Donis-Gonzalez called the two students “the perfect match” for the Department of Biological and Agricultural Engineering. Carlos Orozco-Gonzalez brought his background in business technology to the team, while Umayr Sufi applied his studies in biochemical and molecular biology. Christian Koszka, a staff member at the UC Davis Postharvest Technology Center, helped with the video production.
Now that the judges selected the video for the top prize, Carlos Orozco-Gonzalez, the official producer of the video, has received the $1,000 cash award and a trip to the World Food Prize Borlaug Dialogue, an international symposium for food and agriculture being held this week in Des Moines, Iowa. The World Food Center, which held the Video Challenge, will also be leading a panel discussion on nutrition at the symposium.
A second UC Davis video was chosen as honorable mention. Focusing on food insecurity within the U.S., Kat Vang offers a way to better connect low-income communities to healthy, locally sourced food through community-supported agriculture (CSA) and food assistance (EBT) programs.

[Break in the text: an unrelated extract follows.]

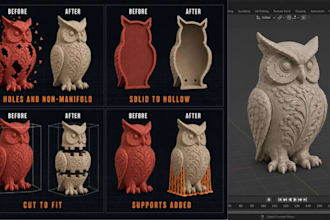 create, modify stl file 3d model stl scan cleanup stl to 3mf stl 3d printing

“In shaping that narrative of what low-income looks like,” said Vang, a reentry student in the Sustainable Agriculture and Food Systems program, “this is an opportunity to dispel the belief that low-income people are not interested in their health or eating quality foods.”
For her research, Vang worked closely with a Hmong community in Minnesota—the largest in the country—and hopes to introduce this new approach to nutrition security to Sacramento’s low-income areas as well. Vang’s research goals have been shaped by her experience working and living for more than two years on an organic farm in Spain and then at two innovative food startups in San Francisco.
The two winning videos were unveiled Monday afternoon at a World Food Day lecture by Catherine Bertini, a former director of the United Nations World Food Programme. The lecture was held on campus and streamed online.
In the spirit of this annual day of action against hunger, celebrated on October 16, the World Food Center at UC Davis reached out to students across all 10 campuses to share the impact of UC research on the planet’s food systems for the Video Challenge. The Center partnered with the Nutrition Policy Institute at the UC Division for Agriculture and Natural Resources and with funding support from the UC Global Food Initiative.
UC Davis led in the total number of video submissions. Other campuses represented in the entrees included UC Berkeley, UC Riverside and UC Irvine.
With the success of the Video Challenge, the organizers hope to build this into an annual competition, meaning students can now start planning their research videos for the 2017 submissions.
Top video: The winning team, left to right: Umayr Sufi, Irwin Donis-Gonzalez and Carlos Orozco-Gonzalez.
Second video: Honorable mention: Kat Vang.